Britain cites grave risks in leaked data it seized
LONDON — A standoff between the British government and The Guardian over national security and press freedom entered its latest round Friday when the high court extended police powers to analyze encrypted material seized from the partner of one of the newspaper’s journalists this month.
The decision, which slightly expanded the authority of the police to investigate the digital files, came after a senior national security adviser to Prime Minister David Cameron told the court that a computer hard drive and memory sticks confiscated from David Miranda, the partner of Glenn Greenwald, a columnist for The Guardian, may contain the identities of intelligence officers.
The adviser, Oliver Robbins, said in a written statement that the information could put the officers and their families at risk, or even make them vulnerable to recruitment by foreign intelligence services.
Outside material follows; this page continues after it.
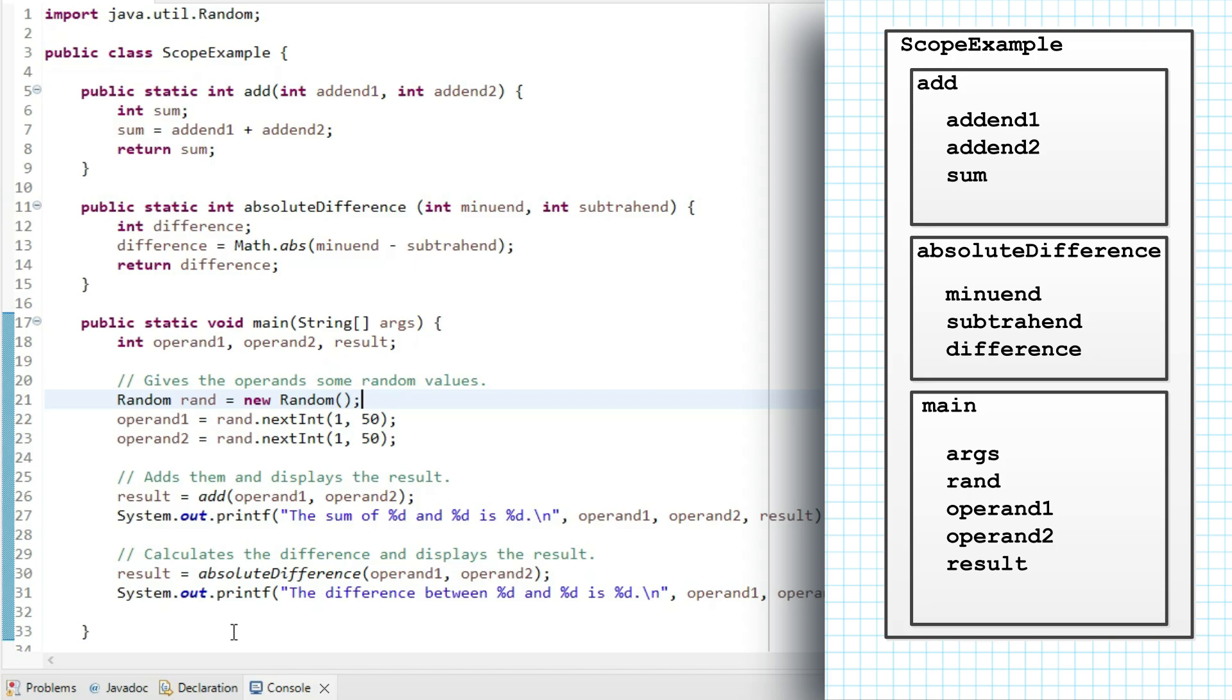Now, I want to add just another level of scope, because in Java, conditional statements and loops also have their own scope. So I want to show you that in the code and in a diagram. So instead of generating one set of random numbers and adding and subtracting them,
The 13-page statement was the first detailed explanation the government had provided for its detention of Miranda at Heathrow Airport on Aug. 18. He was questioned for nearly nine hours under terrorism legislation, and encrypted digital files he was carrying were seized.
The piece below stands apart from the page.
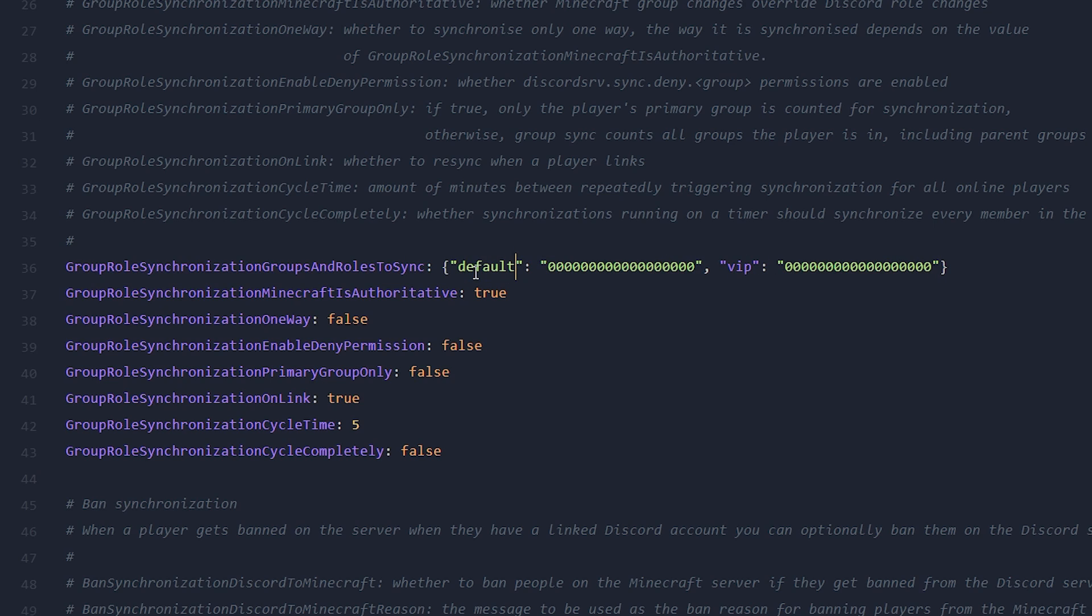VIP is already here, so I don't have to change it. But if you, for example, have an MVP rank in your Minecraft server, then you just need to type MVP here. And then what you want to do is paste in the role ID you want to sync this rank with. So the default rank in Minecraft, I want to sync with this Discord role ID, the one we just copied.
Greenwald has led the reporting on national security material leaked by Edward J. Snowden, the former contractor for the U.S. National Security Agency. Miranda, 28, was detained as he was bound for Brazil, where he and Greenwald live. He had met in Berlin with a U.S. filmmaker who has been working with Greenwald on the NSA coverage.
Robbins, the deputy national security adviser on intelligence, security and resilience, said in the statement provided to the court that the government had so far viewed only a portion of the encrypted files seized from Miranda. In all, he said, the files contained about 58,000 highly classified documents, which were “highly likely to describe techniques which have been crucial in life-saving counterterrorist operations, and other intelligence activities vital to U.K. national security.” Allowing the material to become public, he said, “would do serious damage to U.K. national security and ultimately risk lives.”
In a telephone interview, Miranda’s lawyer, Gwendolen Morgan, said, “The defendant presented a smorgasbord of doomsday allegations without providing any specifics.”
In a statement, Morgan accused the government and the police of making “sweeping assertions about national security threats which they said entitled them to look at the materials seized, but they have said that they cannot provide further details in open court.”